図解
※記事などの内容は2019年12月12日掲載時のものです
電力会社に対する法人事業税(都道府県税)について、他の一般企業と同様の課税方式を一部で導入することが決まった。地域独占が担保された電力会社には、経費を差し引いた後の所得ではなく、収入金全体をベースにした課税方式を例外的に適用し、重い負担を課してきた。しかし、近年の小売り自由化による競争激化などを踏まえ、70年ぶりに見直しを実施。電力会社にとっては実質的な減税で、都道府県の減収額は約40億~50億円と見込まれる。
2016年度の小売り事業自由化の他、20年度には送配電事業を発電・小売り事業から切り離し、分社化することが義務付けられるなど、電力会社をめぐる環境が変化。

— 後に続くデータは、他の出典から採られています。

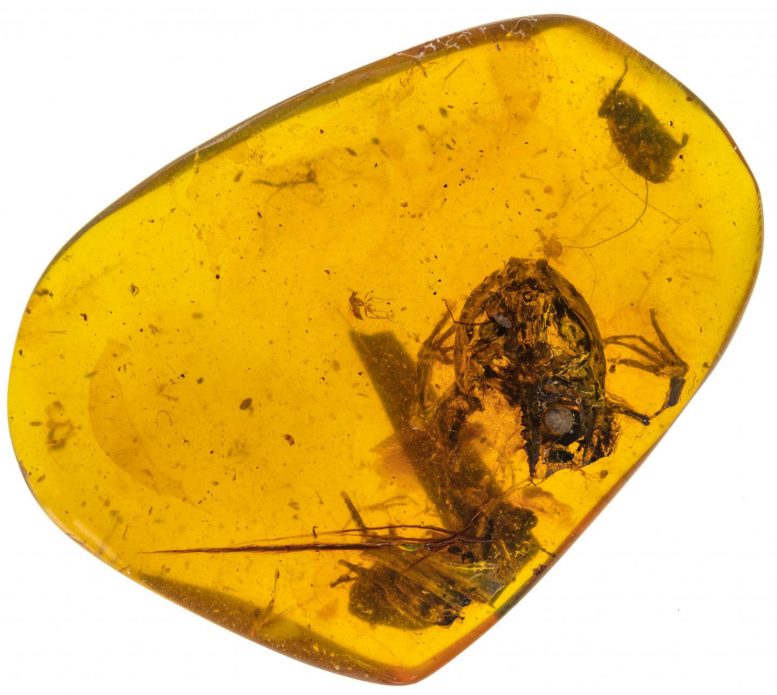 Amber Fossils Provide Earliest Evidence of Frogs
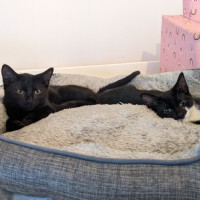 Photo of Nemo (With Kiki)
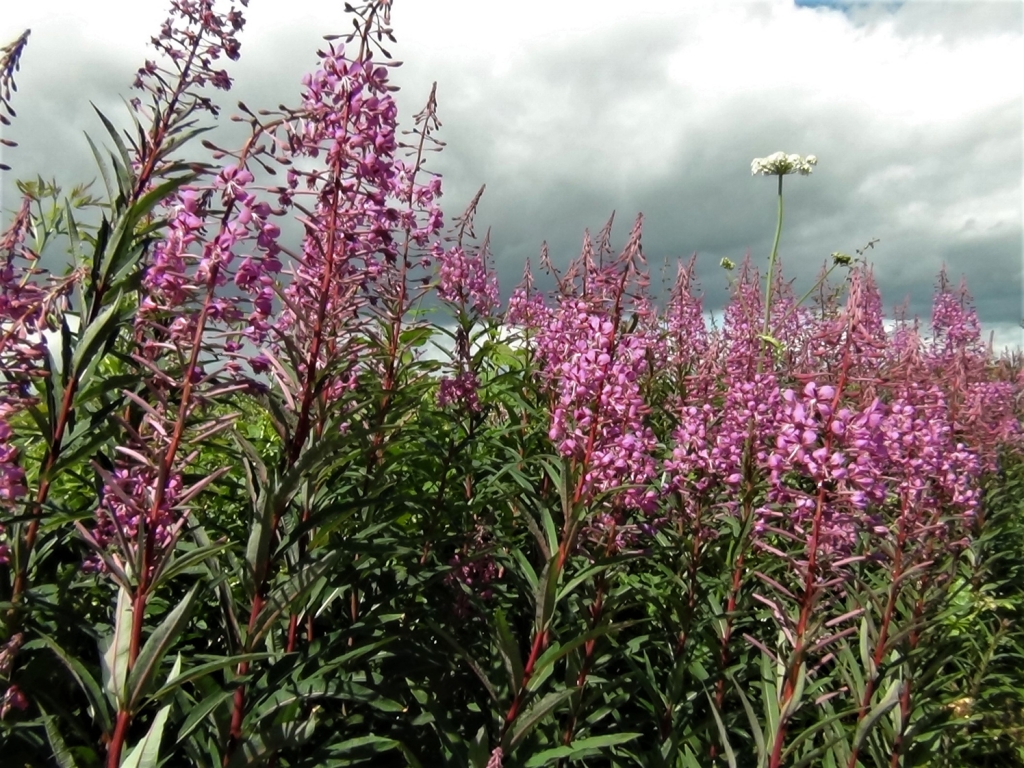 Rose-Bay Willow Herb, Fire Weed, Chamerion angustifolium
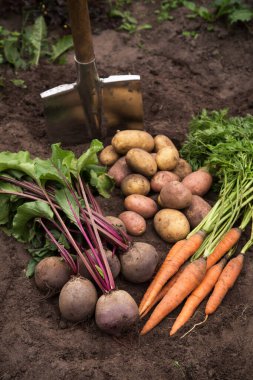 Bahçedeki toprakta taze çiğ havuç, pancar kökü ve patates hasadı. Organik sebze hasadı.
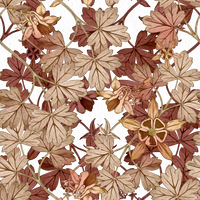 Harriet  Pattern - Autumn Colourway
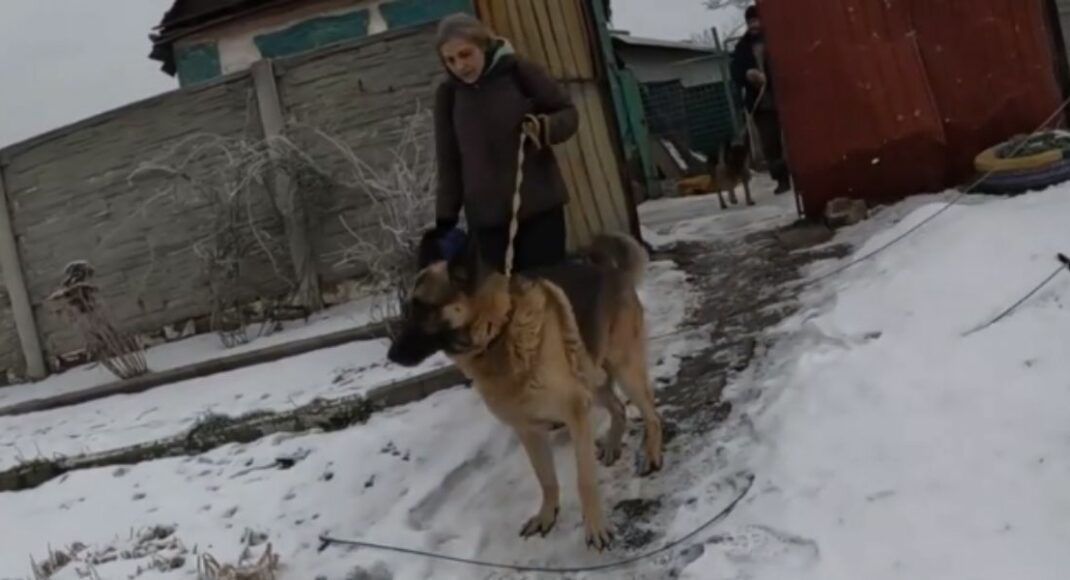 "Білі янголи" евакуювали з Авдіївки подружжя з двома вівчарками, поки зовсім поруч йшов бій (відео)
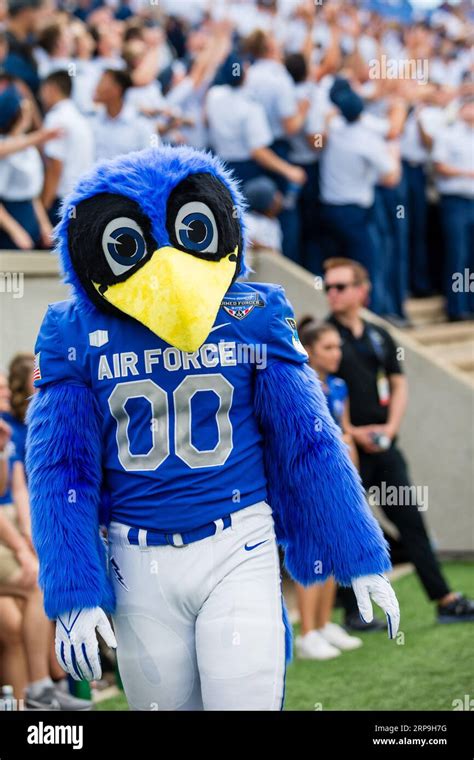 What Is The Airfoce Maskot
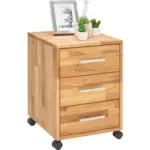 XXXLutz Lauterach - Ihr Möbelhaus bei Bregenz Rollcontainer 40/56,7/42 cm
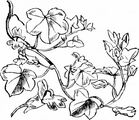 Ivy-Leaved Toadflax - Cymbalaria muralis P. Gaertn. , B. Mey. & Scherb.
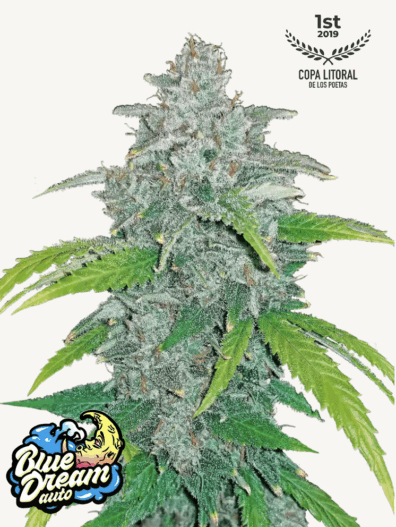 Blue Dream Auto 3 Feminized Autoflower Seeds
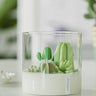 Cactus and Succulent Terrarium Sculpture Candle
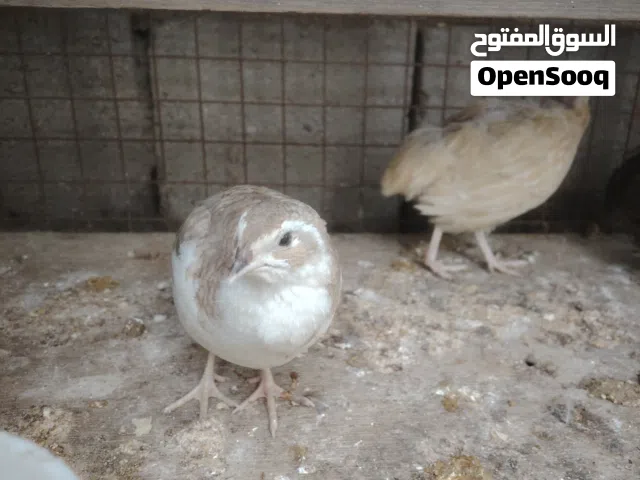 ذكور سمان بالغات  اقره لوصف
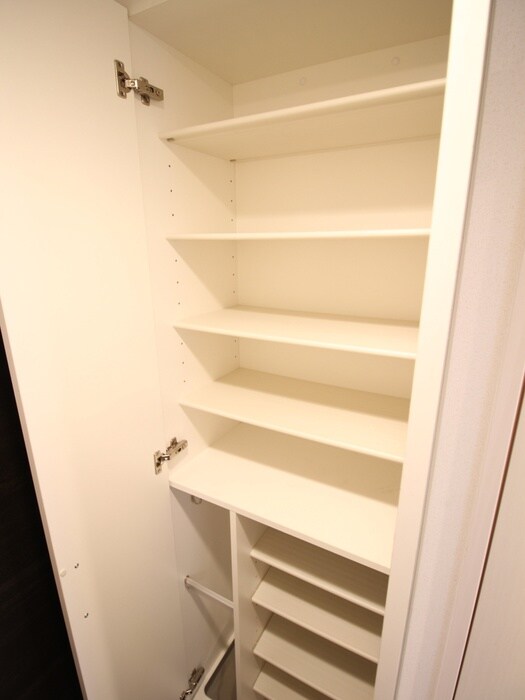 プレサンス京都洛南（２０４）の物件内観写真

経済産業省などが新規参入業者と同じ課税方式への見直しを求めたのに対し、全国知事会など地方側は「要望通り見直せば1500億円以上の減収になる」などと強く反発した。
政府・与党は自治体財政への影響がなるべく小さくなるよう調整。最終的に、発電・小売り事業全体の税収のうち約2割分について、他の企業と同じく従業員らの給与総額などに応じた課税方式を導入することにした。
これに伴い全都道府県で約180億円の減収となるが、電力会社に対して特例的に認めている軽油引取税(都道府県税)などの減免措置を19年度限りで廃止し、減収額を約40億~50億円に圧縮。さらに地方交付税による穴埋めも行い、原子力発電所の立地県などの大幅減収を避ける考えだ。